È interessante lo sguardo che hanno gli autori stranieri sulla Corea. Un esempio è Hirokazu Kore’eda con il suo ultimo film Le buone stelle – Broker e, in questo caso, Ritorno a Seoul di Davy Chou. Cineasta di origini cambogiane, coglie già dal titolo un elemento chiave della poetica legata a quel Paese: il ritorno. Si interroga su come riavvolgere il nastro, su come riscoprire le proprie origini. Quello di Chou è un processo identificativo.A che punto è arrivata la Corea oggi? Che cosa significa essere coreani? Prova a rispondere con una storia all’apparenza semplice.
Freddie ha venticinque anni, vive a Parigi. Non conosce i genitori biologici, il suo obiettivo è avere un contatto con loro. Vola in Corea del Sud, incontra un padre innamorato della bottiglia e non riesce a rintracciare la madre. La Corea viene descritta come un luogo multiforme, sfaccettato. Da una parte è ancorato alle tradizioni, incapace di aprirsi al mondo. Dall’altra punta alla trasgressione, alle improvvise esplosioni underground. Il conflitto interiore della protagonista è la stessa che spezza uno Stato sofferente, da sempre martoriato da una divisione bellicosa.

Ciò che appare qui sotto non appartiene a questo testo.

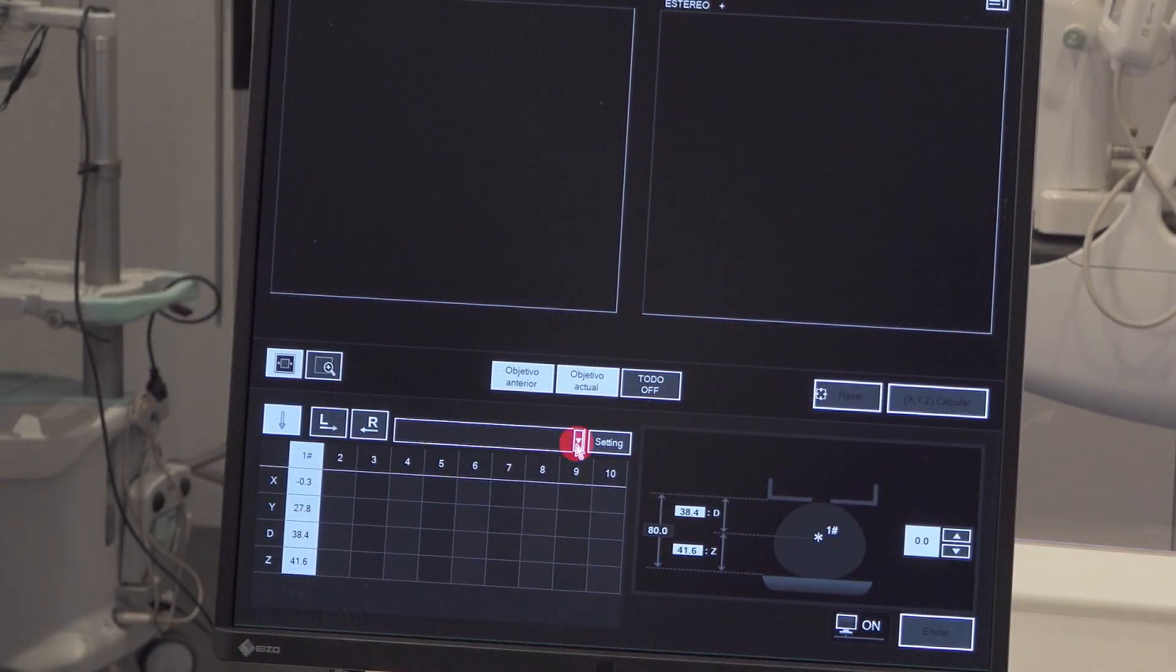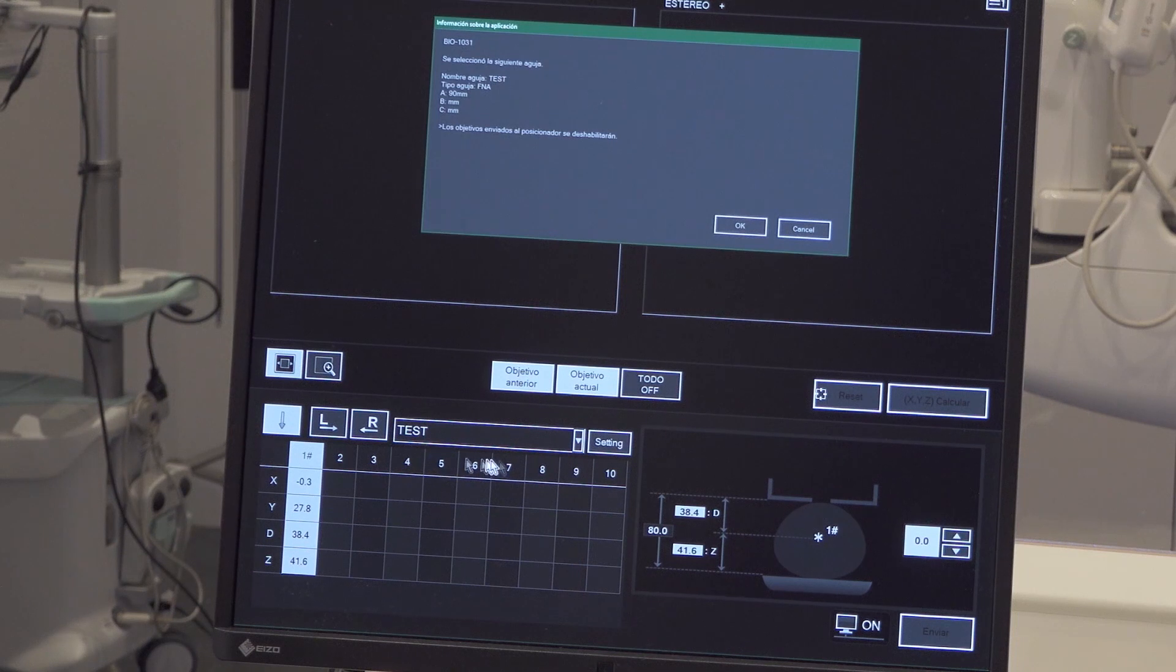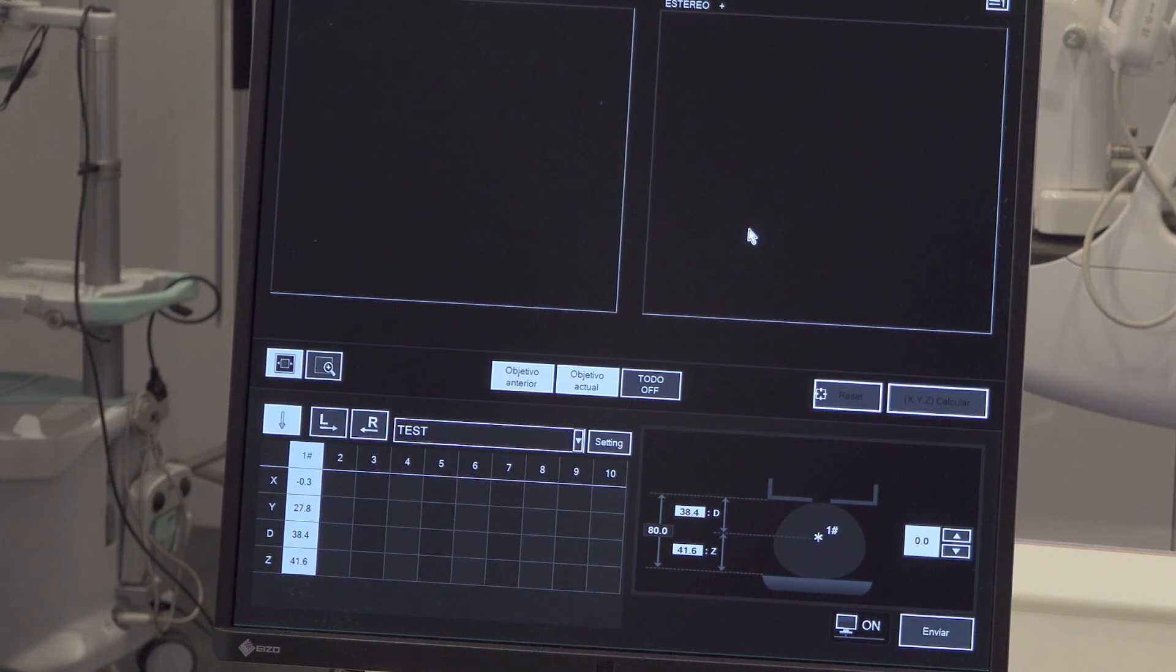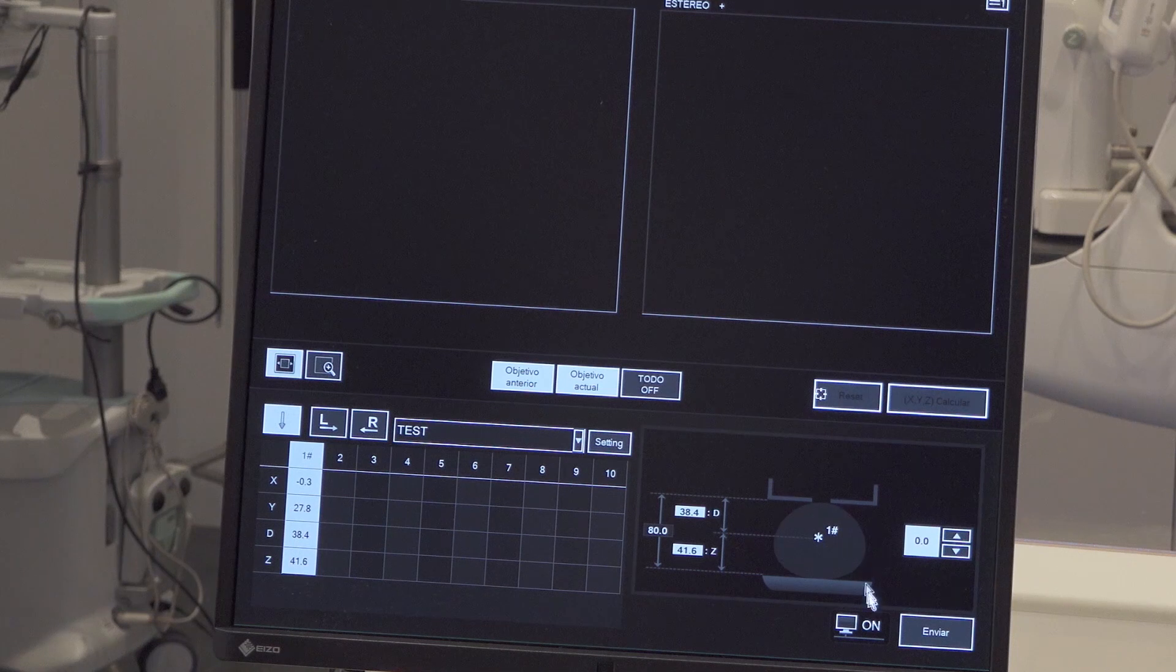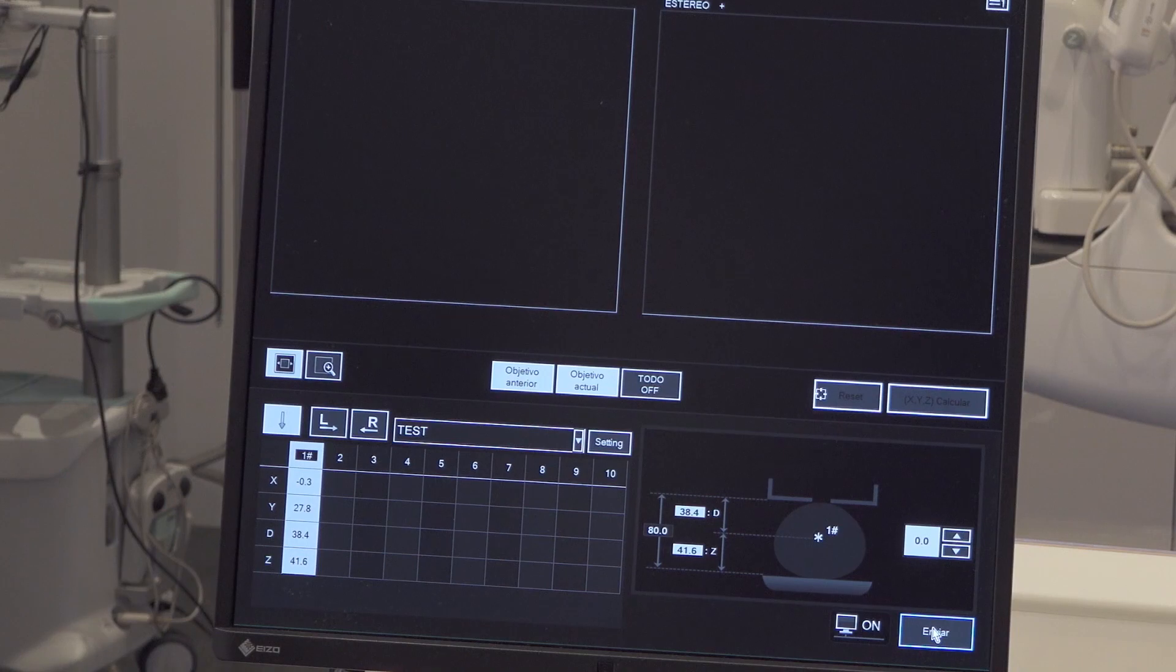Open the needle drop-down menu and select the test calibration needle. Confirm selected needle values. Click the Send button to send coordinates and needle characteristics to the biopsy positioner.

Ritorno a Seoul è un ritratto malinconico, la fotografia di una desolazione che non può essere sanata. La lotta è fra tradizione e modernità. Freddie vorrebbe scappare, ripartire. Ma è come se non riuscisse mai ad andarsene. La vicenda si dipana in tre momenti diversi, con una narrazione ellittica.
La maturazione di Lee porta a una maggiore consapevolezza, anche cinematografica. Misura le parole, i dialoghi si fanno più asciutti, sempre sostenuti da una regia rigorosa. Solo in una sequenza di ballo la macchina da presa si muove più libera, i toni diventano onirici. È come se ci fosse il parziale raggiungimento di una catarsi. Ritorno a Seoul è un film prezioso, trattenuto, pronto a esplodere con uno sguardo. Presentato in Un Certain Regard all’edizione del 2022 del Festival di Cannes.